At issue is a policy known as the “two-thirds rule,” which allows mining companies in Kentucky to mine on land even if they don’t have the right to access part of the land. Under the rule, companies can get a mining permit so long as they have the right to access two-thirds of the land they plan to mine.
Mills, as well as some Kentucky environmentalists, argue the rule is illegal. As head of permits, Mills had rescinded the rule in 2008, but according to a report at the Louisville Courier-Journal earlier this month, members of the administration of Kentucky Gov.

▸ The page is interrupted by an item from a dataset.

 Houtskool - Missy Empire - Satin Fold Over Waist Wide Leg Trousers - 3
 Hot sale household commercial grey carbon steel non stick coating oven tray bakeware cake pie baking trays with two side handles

Steve Beshear, a Democrat, overruled Mills last year and allowed the policy to continue.
Now, in the wake of the revealed email, environmentalists are asking questions about the amount of influence that mining companies have over the regulatory bodies that are designed to keep them in check.
The Herald-Leader reports:
Gov. Steve Beshear and the Kentucky Democratic Party are among the beneficiaries of several hundred thousand dollars in political donations made by executives and employees of Alliance Coal, based in Tulsa, Okla., and its political action committee. Beshear went to Union County in September to stand with Alliance Coal executives as they celebrated a new mine.
Mills said he heard for months that Alliance Coal and the governor’s office were pushing for his ouster because he opposed those permits. It’s now clear the company was better informed about his fate than he was, he said.
“Ashcraft seemed to know before I did that I was going to be fired,” Mills said.
“Obviously, somebody in the administration felt compelled to call him and tell him,” Mills said. “But why? Why are they calling coal companies about their decisions to hire and fire the people in my position?”
While Mills has in the past suggested that Gov. Beshear had a hand in his firing, the state’s energy and environment secretary, Len Peters, says he alone was responsible for Mills’ firing. Peters says Mills wasn’t fired for opposing the “two-thirds rule,” but rather because “he just did not meet my expectations as a manager.”
Mills says he never received a complaint about his management capabilities prior to being fired, the Herald-Leader reported.